All photos by Joseph Hyde
The first class at my new Studio 204 was a workshop on PMC with very talented participants. I’ve posted their beautiful work here and on Facebook. They set the bar high and I’m delighted.
The January class, Intro to Jewelry Making, has begun with basic sawing, filing and sanding. Sterling earrings should be finished shortly! A fibula—and early form of brooch, usually of wire will be next. They’re fun to make, and the possibilities are endless. The third project in the intro class is a forged bracelet, and the fourth project uses found objects and rivets.
On Wednesday, January 17, I'll have what I'm planning to be monthly Wednesday Workshops; this week it'll be Ear Wires, Catches, Jump Rings and Rivets, from 10am until 5-ish. All materials included for $50. 3 students.
A 4-week, Layers with Rivets project will follow, beginning on either Tuesday, February 13 or Thursday, February 15. This is a project I've been thinking about for a while: it's based on graffiti on boxcars, using metal, acrylic and other color-filled items. I think it’ll be fun. And that’s what it’s really about: fun. Fun learning new stuff, fun making things and fun meeting artists!
Food for thought: do graffiti artists hang out on railroad sidings and hope for a long side-track, or do they know where their cars are going, and try to catch up with them in a week or so?
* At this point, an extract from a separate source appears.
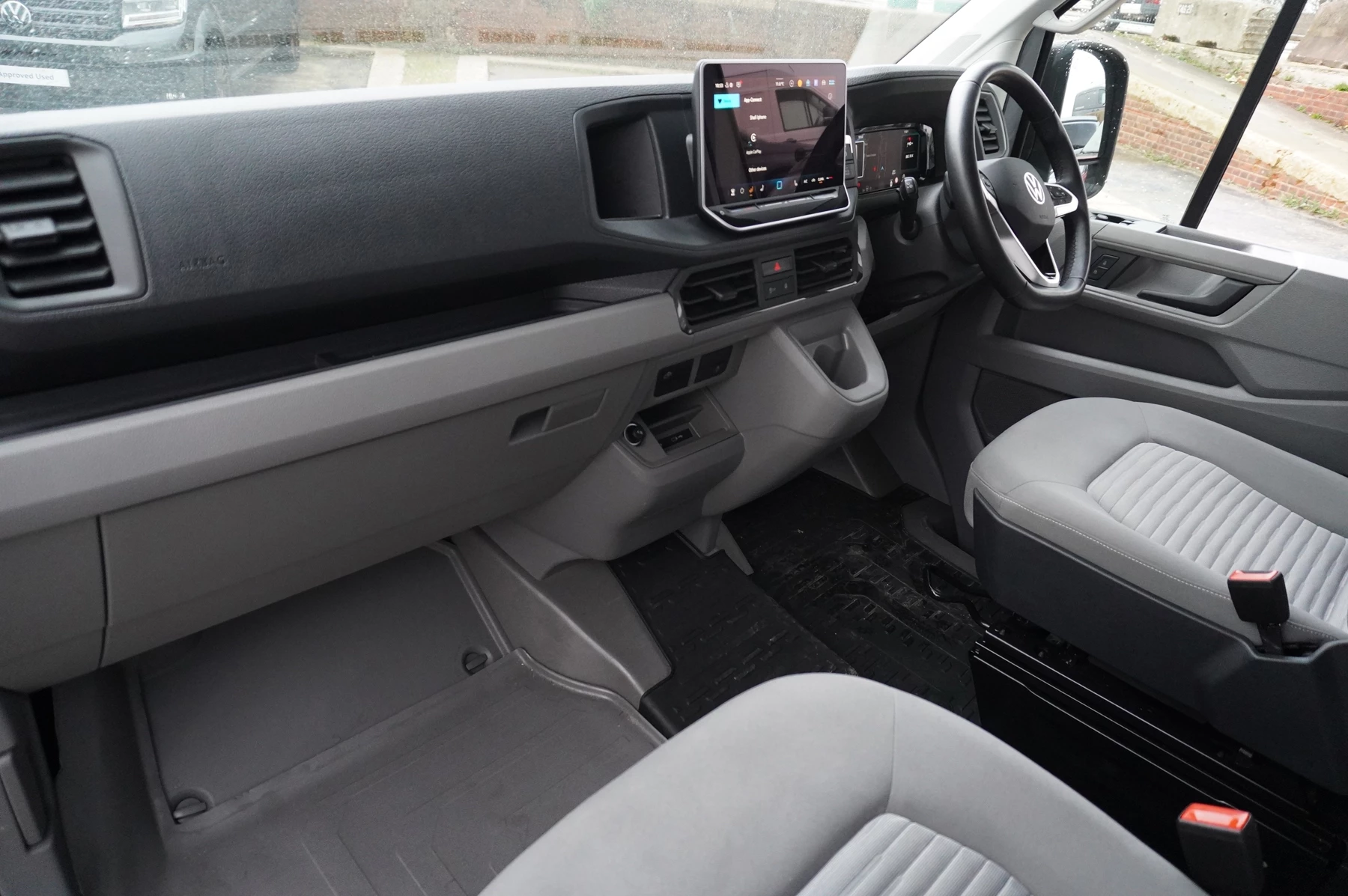 Volkswagen-California-image-1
Or do they get their work finished in just the shortest amount of time? Do they work together?
Precious Metal Clay is amazing. It’s fine silver granules suspended in a clay-like binder that burns off when it’s fired at high temps. It’s easily manipulated, takes texture really well, and does things that are really difficult in regular fabricating. Three dimensional objects can be made and fired in a very short amount of time; for those of us (ahem) who might be a little short on patience, this is the perfect medium. It can be soldered and patinaed. Take a look at the pieces that I made with 20 grams of clay. I wanted to limit the amount to see how many pieces could be made with a small amount of the clay. Here are the results.
Beginning in January, I'll be offering lessons to people who would like to either learn about making jewelry -- or would like to improve their skills-- at Adams County Arts Council, 125 South Washington Street, Gettysburg, PA 17325. The three-hour classes are for one or two persons per class, and meet once a week, either an afternoon or an evening. The arts council studios are large, well-lit and easy to access.
Introductory class introduces the student to the tools and materials needed to make wearable art. Materials will include traditional metals, plastics, rubber, found objects and more. Findings such as S-hook catches and ear wires will be covered. Students should expect to work outside of class, that way making a piece of wearable art every week.
Intermediate class is designed for the student who has taken an intro class or is able to use basic hand and mechanized tools easily. The student in this class will build on skills learned in intro, and will learn to solder, make hollow forms and learn to make hinges for boxes and pendants. Findings such as a box clasp and toggles will be made as needed. Simple stone setting will be introduced.
Enameling class will be offered, with no previous metals experience necessary. Cloisonee pieces with transparent enamels, wall pieces using a variety of enamel techniques, and enamel paints on copper will be explored. All enameling will be done with a torch.
Advanced Fabrication will be offered as the classes progress, a class which will include difficult/advanced soldering, more hollow forms, stone setting as needed, will be some of the many options available.